6.4. Accuracy of Code Categorization
Figure 13 presents the standardized confusion matrix of 5 kinds of encoding in 3 dB. The standardized confusion matrix showed that 5 kinds of convolutional codes may be discriminated in most cases. The CNN model presented in this paper can discriminate 5 different convolutional codes. Figure 14 presents the standardized confusion matrix of five kinds of encoding in 3 dB. The CNN model presented in this paper may also discriminate five similar convolutional codes and has certain accuracy. Figure 15 shows that the algorithm proposed in this paper had better recognition performance under low SNR, indicating that extracting features through the Euclidean algorithm combined with the improved CNN is more conductive to the recognition of various convolutional codes, especially under low SNR.



6.5. Operation Time Contrastion
Table 4 shows the operation time contrastion between CNN and the rest of 5 ways. The performance of the proposed CNN was the best.

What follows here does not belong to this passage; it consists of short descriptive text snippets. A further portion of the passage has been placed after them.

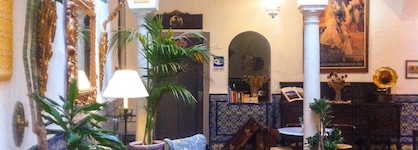 Hotel Abanico Casa Palacio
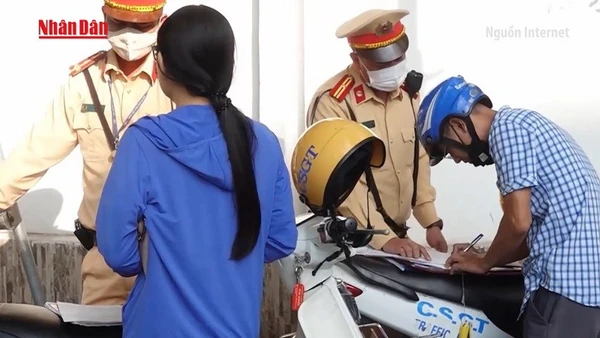 [Video] Hà Nội ra quân xử lý nghiêm học sinh, phụ huynh vi phạm giao thông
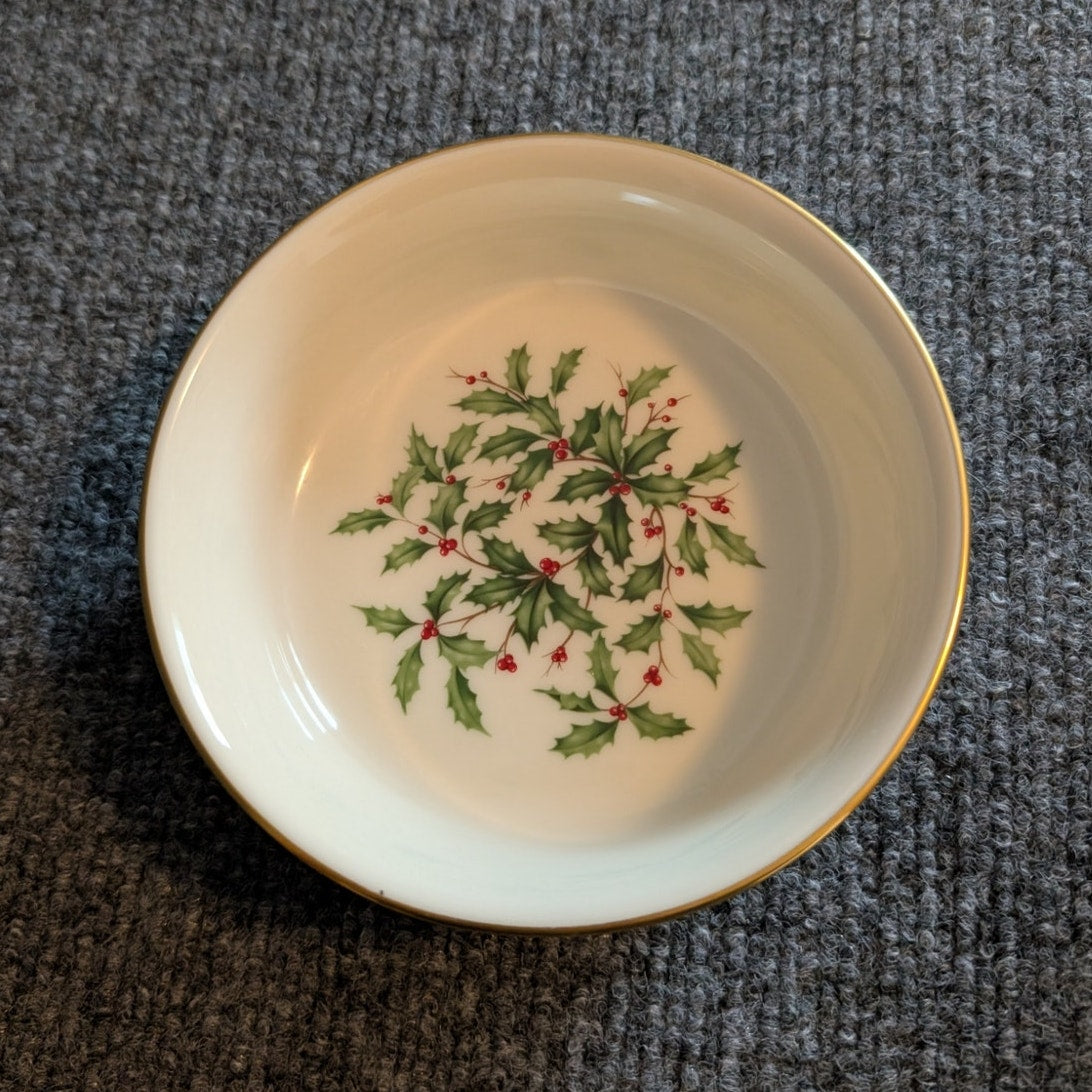 Lenox Special Holly & Berry Holiday Ivory Bowl W/ Gold Rim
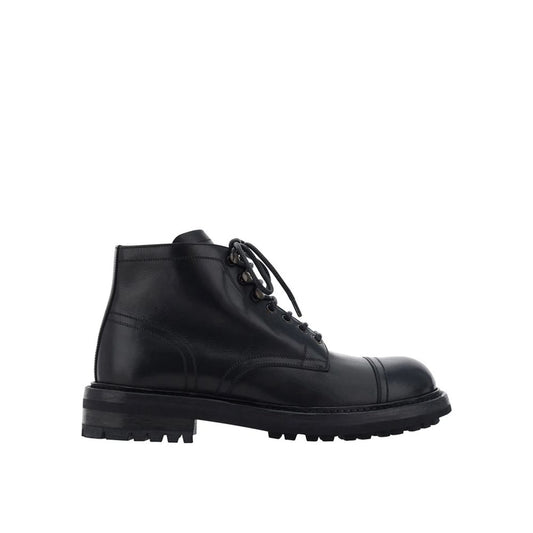 Dolce & Gabbana Black Calfskin Lace-Up Boots, Men's leather boots, made in Italy, round toe design with front lace-up closure.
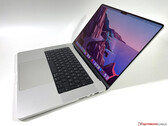 Apple MacBook Pro 16 2021 M1 Max 笔记本电脑评论。全面的性能，没有节流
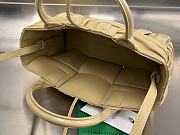 Bottega Veneta Mini Arco 26 Tote Bag Beige Calfskin - 3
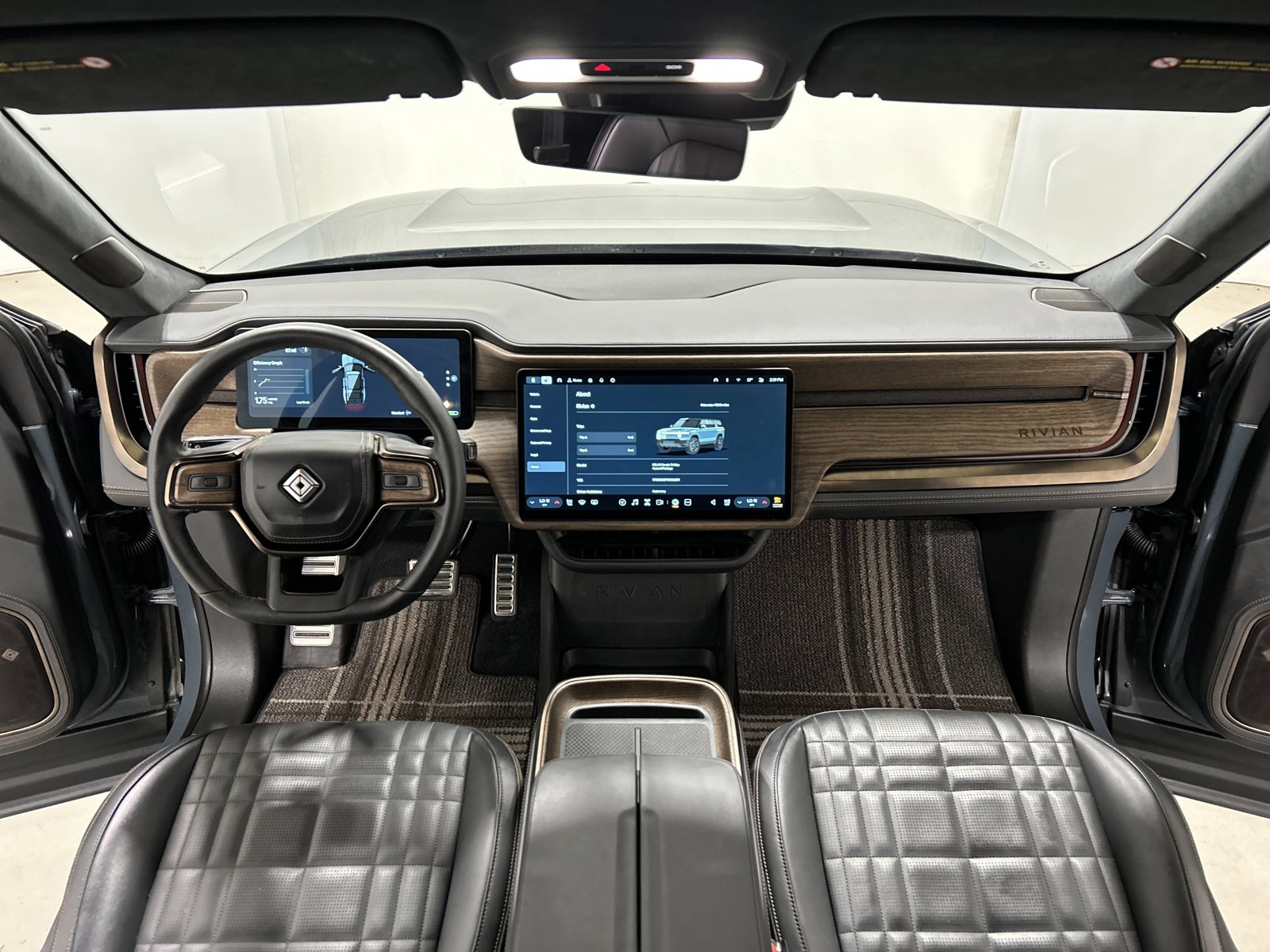 Used 2025 Rivian R1S Premium AWD/4WD image 27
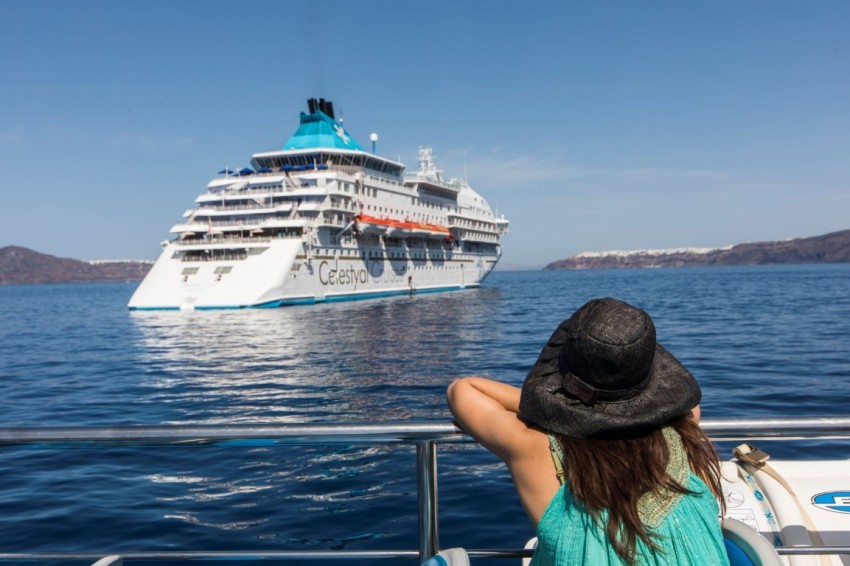 Celestyal Cruises presenta su campaña &quot;Escápese al azul&quot; con ofertas y descuentos de hasta el 30%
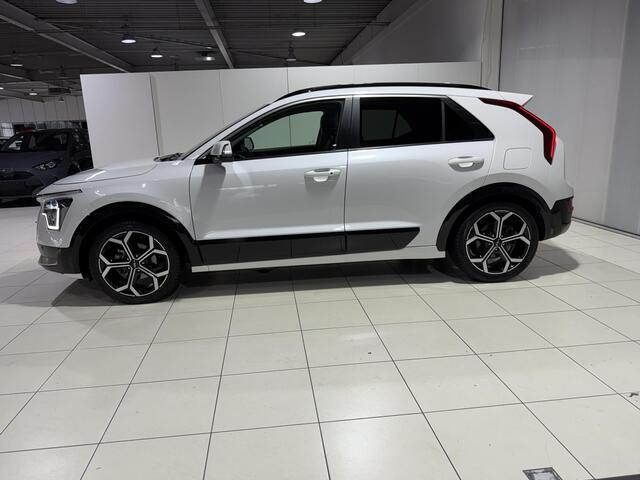KIA Niro 1.6 GDi Hybrid DynamicPlusLine 18 inch, Stoel en Stuur verwarming, Apple Carplay/Android Auto, Navigatie, Camera.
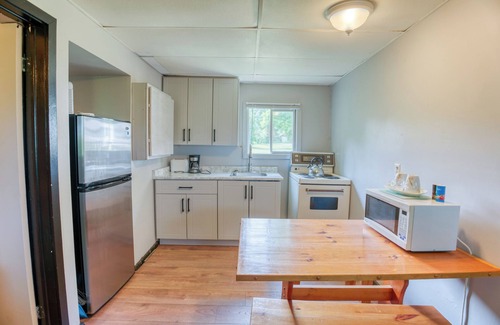 Frontenac Cabin | Idyllic 2-Bed Lakeside Cabin: Comfort for 4, Nature Access!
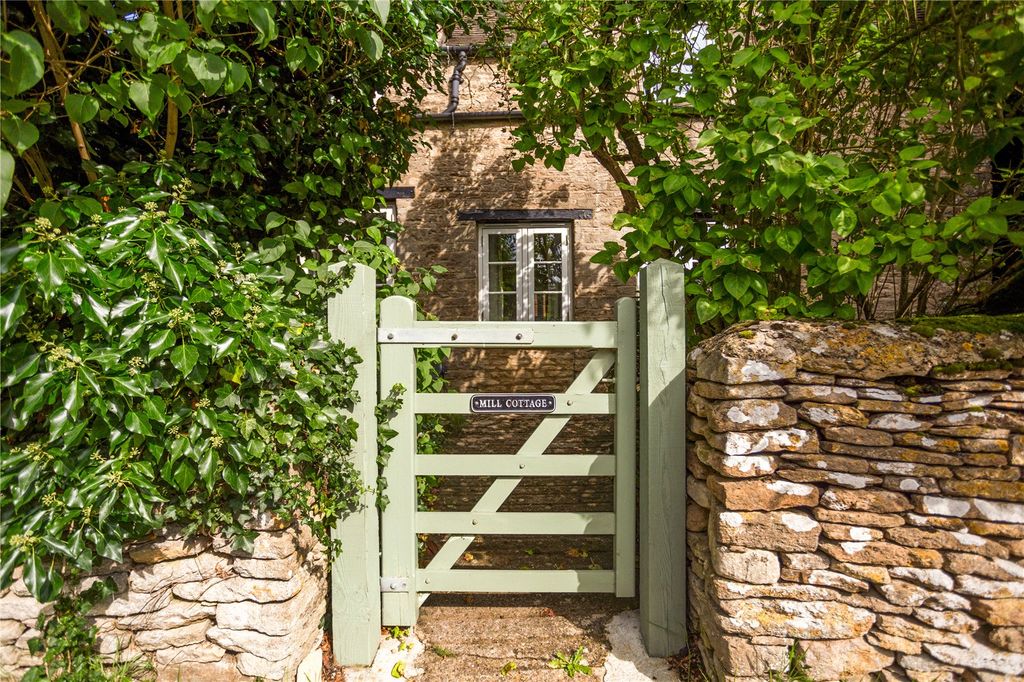 Property photo 3 of 14 Gate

Ways | Operation time (ms) |
---|---|
CNN | 4.732 |
DNN | 6.395 |
LSTM | 12.576 |
ResNet | 16.814 |
Attention | 18.828 |
RNN | 10.124 |
7. Conclusion
In this paper, five sorts of convolutional codes with various rates were produced by traditional coding ways. So as to achieve categorization and identification of convolutional codes with various rates in circumstances of low SNR, the feature coefficient of 5 kinds of convolutional codes with different rates was integrated into CNN so as to quickly identify the coding parameters of convolutional codes under low SNR. Experimental results showed that the suggested algorithm had strong results, indicating its efficiency and strong fault tolerance when the SNR was relatively small, in addition to good application prospects in noncooperative communication.
Disclosure
Intellectual property protection measures have been thoroughly discussed, and there are no impediments to its dissemination, including publication timing. Accordingly, we confrm our adherence to our institutions’ guidelines on intellectual property.
Conflicts of Interest
The authors declare no conflicts of interest.
Author Contributions
All authors have reviewed and approved the manuscript, and no supplementary contributors who meet authorship criteria have been excluded. The sequence of authors has been agreed upon mutually.
Funding
This work was supported by National Natural Science Foundation of China (no. 61671095, no. 61371164, no. 61975171, and no. 62201113), the Project of Key Laboratory of Signal and Information Processing of Chongqing (no. CSTC2009CA2003), the Natural Science Foundation of Chongqing (no. cstc2021jcyj-msxmX0836), the Research Project of Chongqing Educational Commission (nos. KJ1600427 and KJ1600429), Yibin University of College- Level Research and Cultivation Program (2019PY35), the Open Project Fund of Intelligent Terminal Key Laboratory of Sichuan Province of China under Grant SCITLAB-0020, the China Postdoctoral Science Foundation (no. 2023MD744168), and the Science and Technology Research Program of Chongqing Municipal Education Commission (no. KJQN202300625).
Acknowledgment
The authors extend their appreciation to the Image and Communication Signal Processing Innovation Team, School of Communications and Information Engineering, Chongqing University of Posts and Telecommunications for funding this work through National Natural Science Foundation of China (no. 62201113).
Open Research
Data Availability Statement
The data used to support the findings of this study are available on reasonable request from the corresponding author.